6 Ways To Get In Shape At Home Part I: Weight Resistance

The majority of the U.S. is overweight. While some don’t care that they’re part of that majority, others do and strive to make a difference. It always seems to be the same every year, too. Everyone’s New Year’s Resolution is to get back in shape. At first their drive is great, but after a few weeks pass, that fiery passion fades. Whether the reason is a hectic life, gym fees, or discouragement from fit gym members, the choice is yours. However, there are a few ways to keep the drive alive as long as THEY want it bad enough.

First off, and I know I’ll raise a few eye brows from some people, you DO NOT need a gym to get into shape. While it may have the equipment and machinery, it isn’t mandatory. Don’t get me wrong, I’m an avid gym member and go every chance I get. I’m not disrespecting anyone who uses the gym as a place to relieve stress or finish the day off with a good sweat. I’m saying you can use different approaches to achieve fitness goals opposed to hitting the gym.

So what can I do at home?

Calisthenics, or body weight exercises, are great for breaking a sweat without equipment. These never fail if you have a busy life with no time to even look at a gym door. Exercises include a variation of push-ups, crunches, leg lifts, dips, squats, and lunges. Modifications work well with these, too.

Upper Body

For push-ups, simply alternating hand placement will shift focus on different muscle groups. This ranges from wide and close grip, staggering (one under you and one in front), and moving your hands closer to your feet. If needed, you can perform these on your knees at first to build up strength and then move to your feet. Make sure you keep your back straight and elbows tight to your body. Doing this will put more emphasis on your chest and triceps.

Crunches and leg lifts are stables for abdominal exercises. You can even do them in bed as you’re getting ready to turn in for the day. Variations include bicycle crunches, leg lifts (feet together and separate), and Hello Dolly’s. This is where you keep your feet around 6 inches off the ground and spread your legs apart then close. Make sure you flex and stretch your abs when doing crunches and leg lifts as well as keeping your stomach flexed while doing Hello Dolly’s.

Dips are an exercise where you will need to find two chairs of equal seating height. As the name says, it’s pretty self explanatory. Keeping your hands and elbows close to your body, descend slowly until your arms are at about 90 degrees or you feel a descent stretch in your triceps. Then abruptly ascend. Be sure to squeeze your triceps on the way up to get a full contraction.

Lower Body

Squats are a universal exercise. They’re great for your legs as well as your abs and lower back. They may seem cut and dry, but there are ways to hit your legs at different angles.

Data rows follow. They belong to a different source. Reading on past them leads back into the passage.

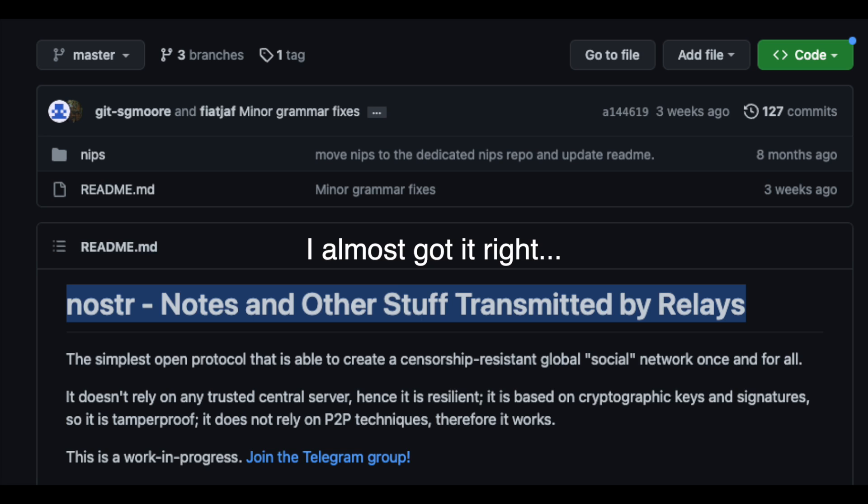Nostra or Noster, I don't really know how to pronounce it. Nostra stands for notes or stuff transmitted over relays, which sort of hints at the protocol's architecture, which is something that we'll cover later on in the video. Basically, it's a very simple messaging protocol, and it's important that it's so simple because that's what's going to allow it to scale really well to the size of something like Twitter.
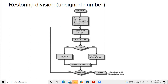If the sign bit is zero, we make the Q naught bit — the least significant bit of Q — to be zero. Else we make the least significant bit to be one. If it is zero, we add A with the divisor to restore A. Then we decrement the count. When the count is equal to zero, we end; else we repeat the process.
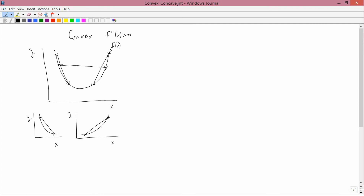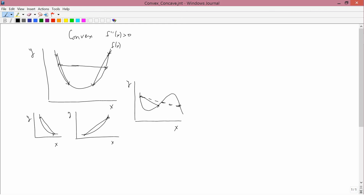Here's a function that's not convex. This function is not convex because while there are pairs of points you can choose that have the property that a straight line drawn between them lies above the function, there are other pairs of points you can choose — for example, this line — where the straight line does not lie above the function; over here in this part the straight line lies below the function. So the definition of convexity is that a function is convex if a straight line drawn between every pair of points lies above the function.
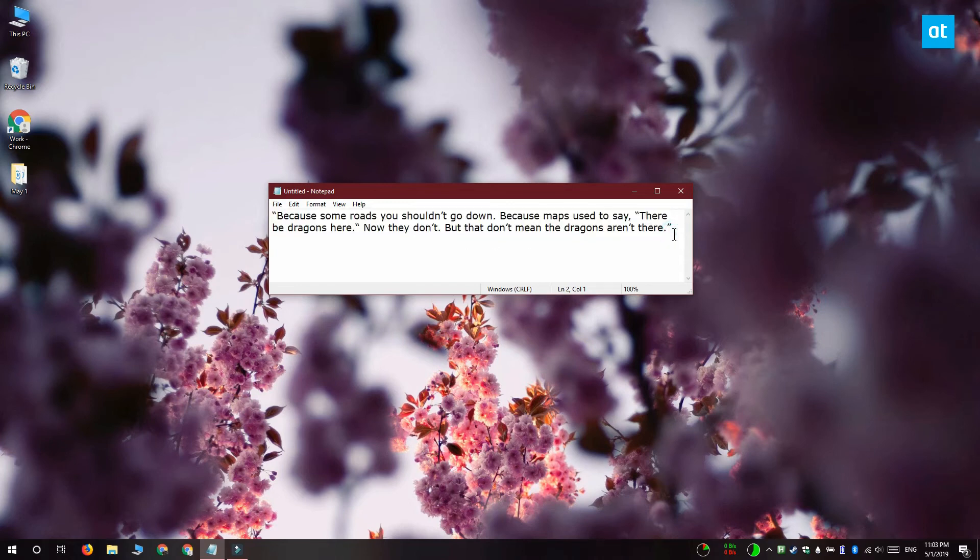But I've remapped it to Ctrl plus C. So it's just been copied to my clipboard. And when I tap Ctrl plus V, it's pasted.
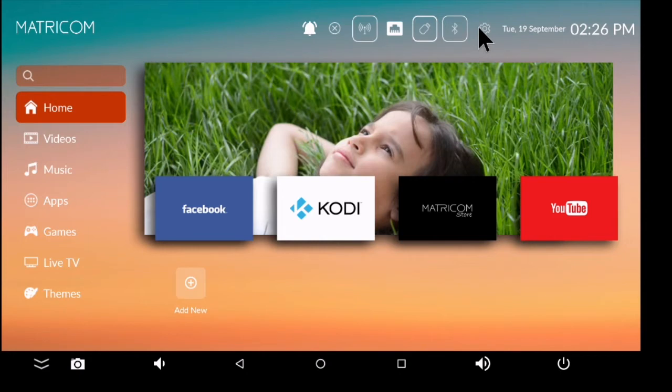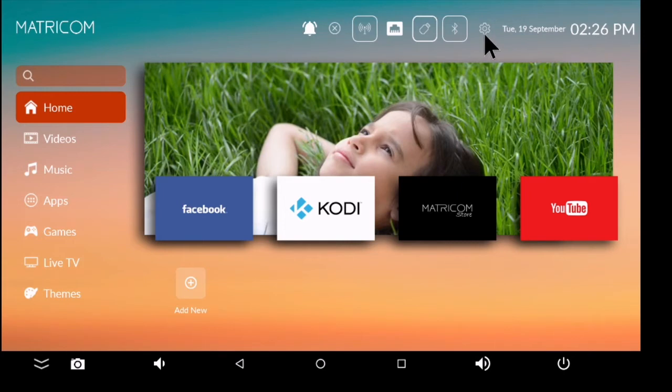But if you're going to hook it up to Wi-Fi, you might want to come up here to this icon that looks like a gear next to the time. When you click on that, it's going to open up your settings.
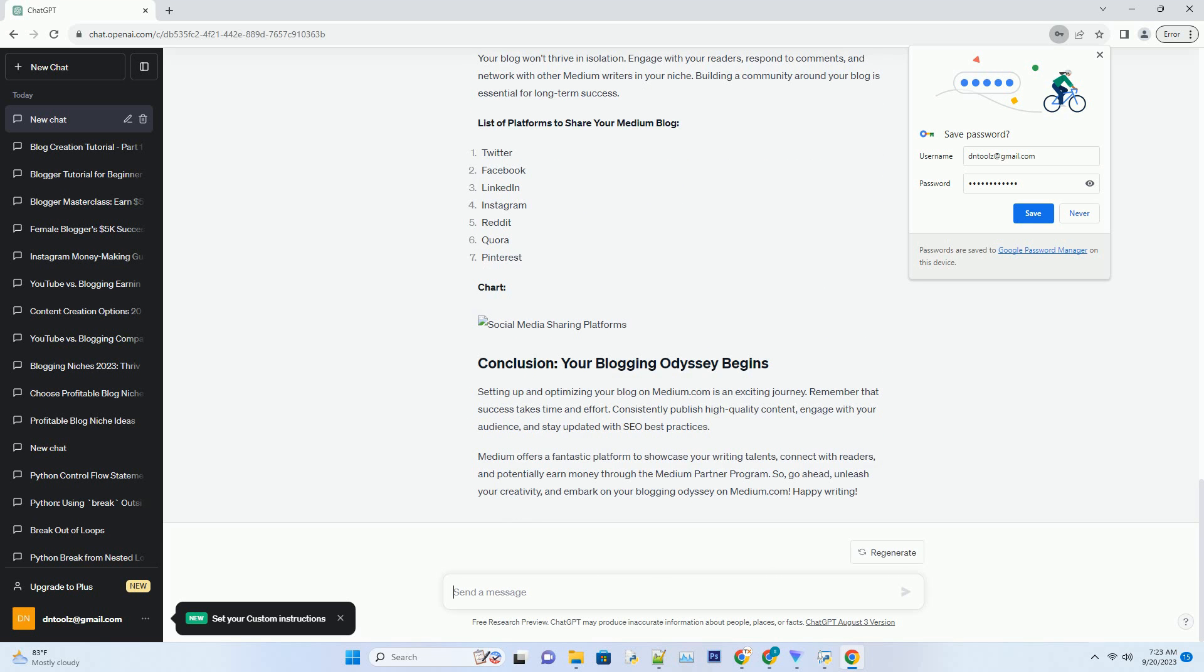Medium has several built-in SEO features that can help your blog gain traction. Tags: add relevant tags to your articles. Tags act as keywords and improve the discoverability of your posts.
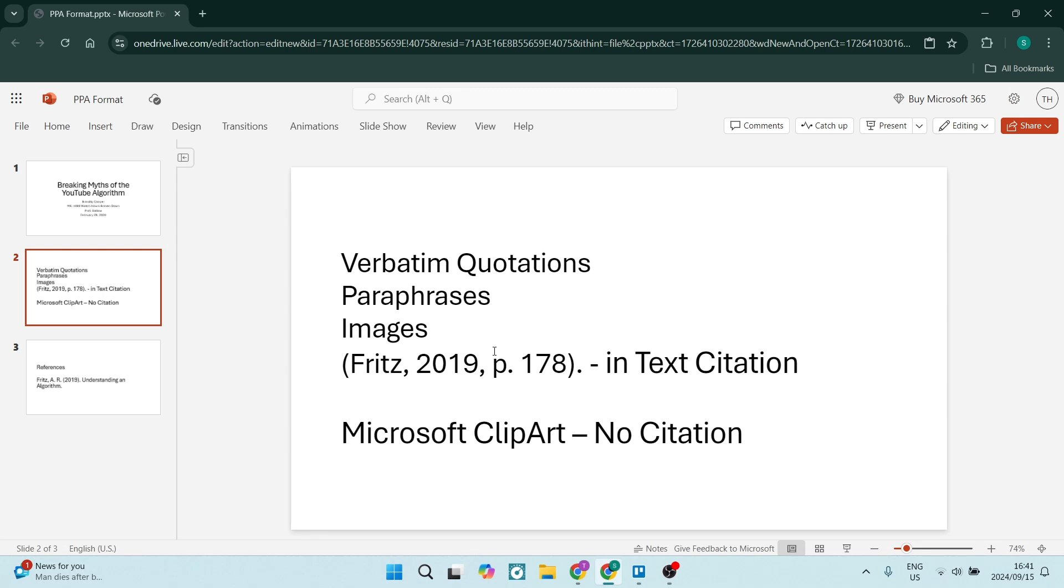As I have just put in over here, this is the in-text citation. If you're using Microsoft ClipArt, you will not need to add a citation. So that's free Microsoft ClipArt images. There's no citation there.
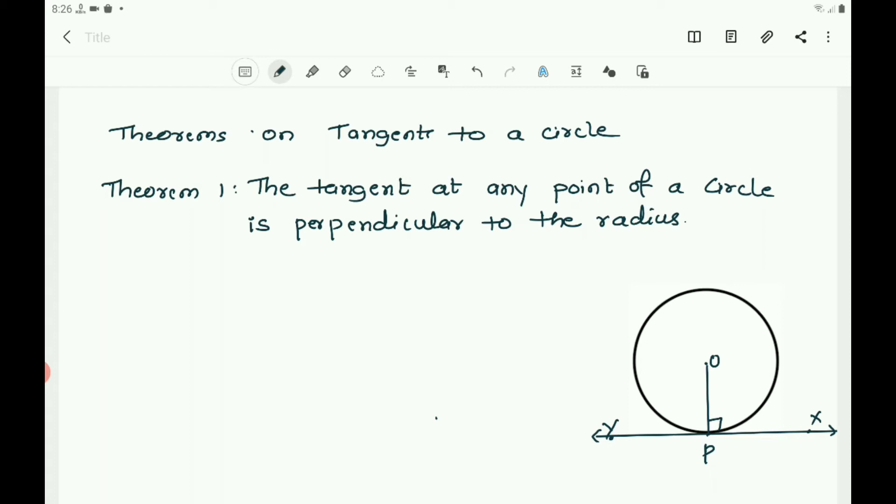One key concept to know: from a given point to a given line, the shortest distance is the perpendicular. Any other distance from the line to the given point is greater than the perpendicular. On the basis of this concept, we will prove that the tangent at any point of a circle is perpendicular to the radius.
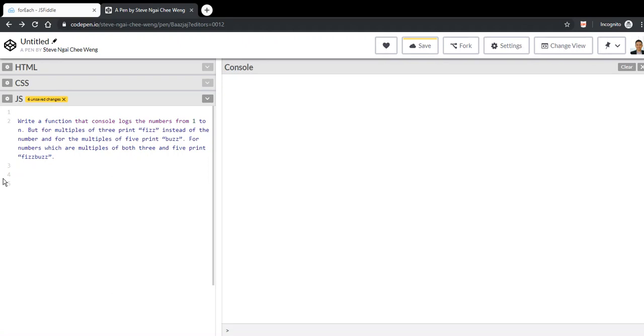Hello morning guys, welcome back. Today I'm going to show you how you can write the solution for FizzBuzz, one of the common questions that might be asked during an interview.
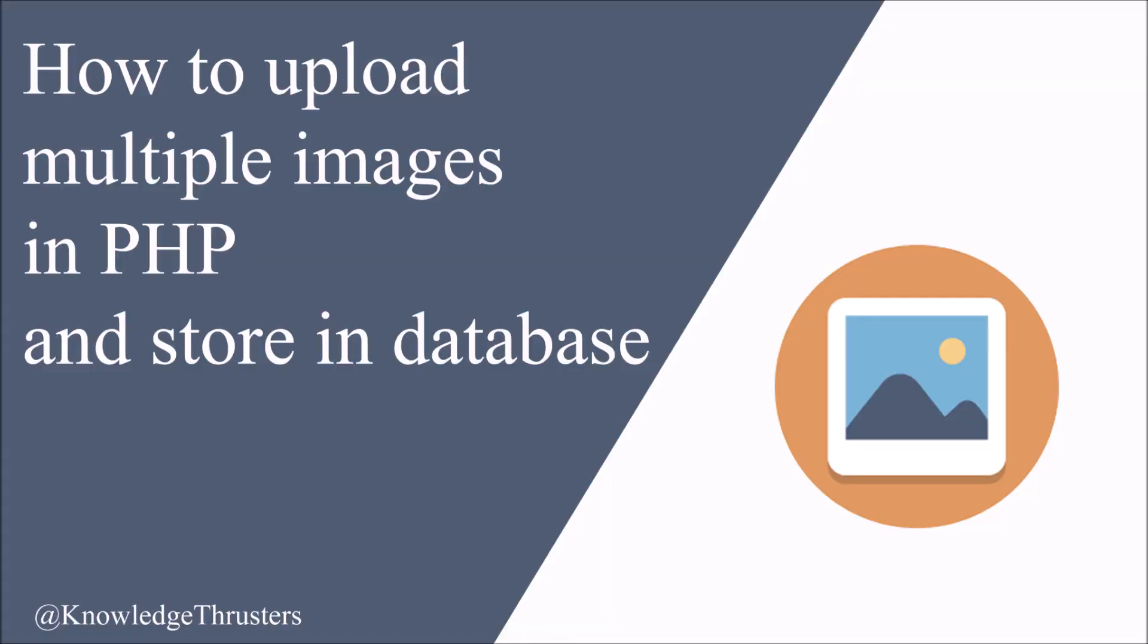So in this video I have shown you two ways how you can upload multiple images in PHP and store that in database. I hope this video is helpful to you. Please like, share, and subscribe to my channel. Thank you so much for watching.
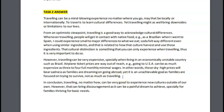In conclusion, traveling, no matter how, can be very good to experience new cultures outside of our own. However, that can bring discouragement, as it can be a painful dream to achieve, especially — again, third time here — this word needs an E — for families not thriving, but struggling, maybe. Basic needs. This was all right. I did have some issues with coherence, and some of your examples could have been a little stronger.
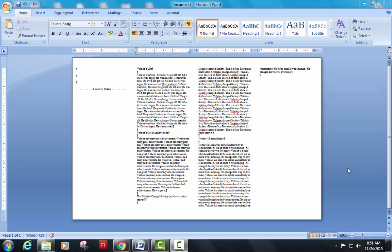All right, so today we're going to take our brochure that we've created for the Age of Reason and we're going to format it. Again, make sure that you're done with all of your text before you begin formatting. Otherwise, you're going to run into problems.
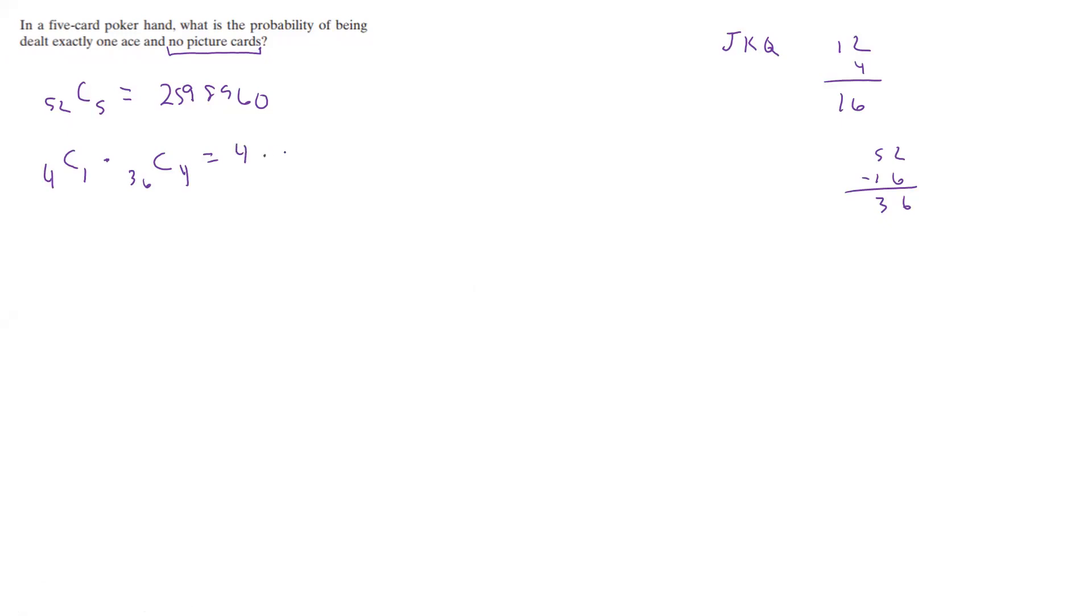Now let's write down everything we had done here. That was 4 times 58,905, and then we multiplied that together and got 235,620.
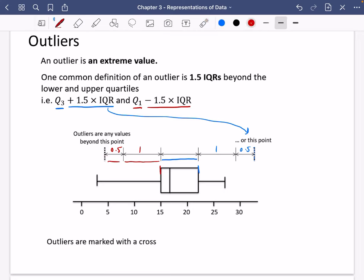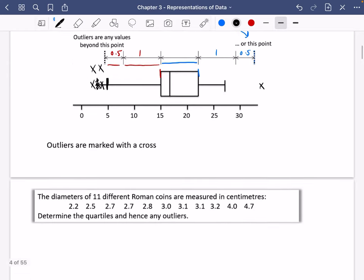When drawing box plots with outliers, you should not extend the tail all the way to an outlier value. Instead, replace outliers with a cross. The tail ends at the next non-outlier value. Outliers are marked with a cross at their actual position on the scale.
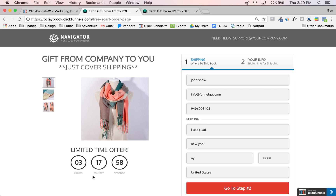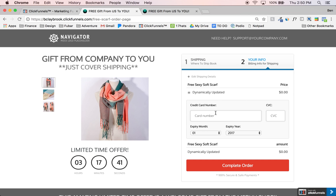We've got a little countdown timer for urgency. Over here we say 'just cover shipping' so that way everything's transparent. And here we've got the two-step order form that Cornelius was talking about, where you're just asking for their name, email, and address here, and then over here you go to step two to ask for their credit card information. A lot of people are going to be willing to give you their name and address but might not be ready to give their credit card information just yet.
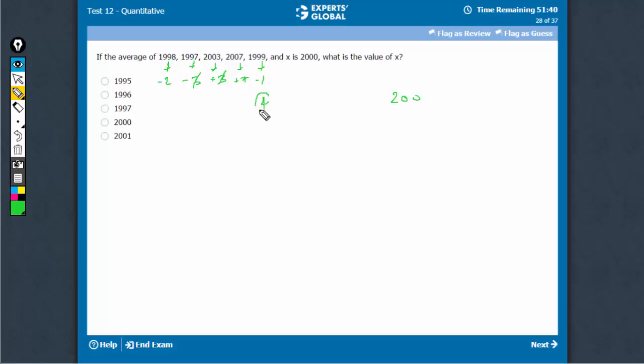So we have 4 extra, I'm sorry, 2000 here. We have plus 4 effectively.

A simple squat should be performed by keeping your back straight and head up, concentrating on muscle tension, and attention to pushing off of the heel. Doing all these prevent injury and will give great results. Descend as you would sit in a chair, then ascend pushing off of your heels, always keeping tension on your legs and squeezing at the peak of the movement. Be sure to keep your knees from passing over your toes on the descent.

Variations of this exercise are similar to that of the push-up. By staggering your feet together or apart and putting one in front of the other (lunge position) will target different muscle reaction.

Lunges are great for building overall leg strength and stretching as well. Keeping the same proper posture as squats, step forward flat on your foot until your back knee is almost touching the ground. Then stand up pushing off your heel using as little momentum as possible. Alternate your feet as you perform.

Final Thoughts

These exercises are staples in many routines. Good form is important when performing any exercise. Granted all these are body weight, but it’s good to practice good form to prevent injuries.

Contracting muscles is what will cause them to respond and grow. Not only in size, but more importantly in strength. This is why you should squeeze the muscle at the top of the movement. Doing so will push blood into them and aid in the healing process.

Above all else, be safe and keep your head up!